I started reading the book Academic Duty by Donald Kennedy, former president of Stanford University. He begins by describing Academic Duty as the counterpart to “Academic Freedom” – which traditionally refers to the “insulation of professors and their institutions from political interference”. While I see the importance of this, particularly in the past, this is not how I would have defined academic freedom if given the chance.

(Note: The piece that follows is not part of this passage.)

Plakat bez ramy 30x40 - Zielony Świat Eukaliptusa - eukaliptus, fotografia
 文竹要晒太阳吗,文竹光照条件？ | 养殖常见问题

So, how would I define it? Well, I would probably first, jokingly (though, not really joking) repeat a line I heard a faculty member tell me once. “Academic freedom is the flexibility to decide which 90 hours a week you work”. And seemingly, I am not alone in having my initial thought be related to the often loose and undefined start and stop point of working. Dr. Kennedy goes on to write that “Indeed, academic freedom connotes loose structure and minimal interference. There are no time clocks and few regulations about the direction of effort or even about the locations at which it is to take place”.
Perhaps this seemingly “easy life” of working when you want and sometimes from where you want is what draws some people in, and makes some students enroll in doctoral programs. Undoubtedly, like in any similar field, some people will take advantage of this and actually work very little. However, I perceive those as being the minority of faculty members. More often than not, academe seems to be full of passionate, intrinsically motivated, “do-ers”. So while we may spend a day working in our pajamas from home (umm…welcome to every Sunday of my life…okay, and a few Tuesdays thrown in for good measure!), we usually are working much more than folks on the outside of the ‘ivory tower’ would think. Beyond that, when I think of life as a faculty member, I am drawn to the quote, “To Whom Much is Given, Much is Expected”. With this freedom, comes a whole lot of responsibility (or “duty” as Dr. Kennedy prefers to call it). But, that is a topic for another blog (or several).
How would you define “academic freedom”? Is this part of what drew you in to higher education to begin with?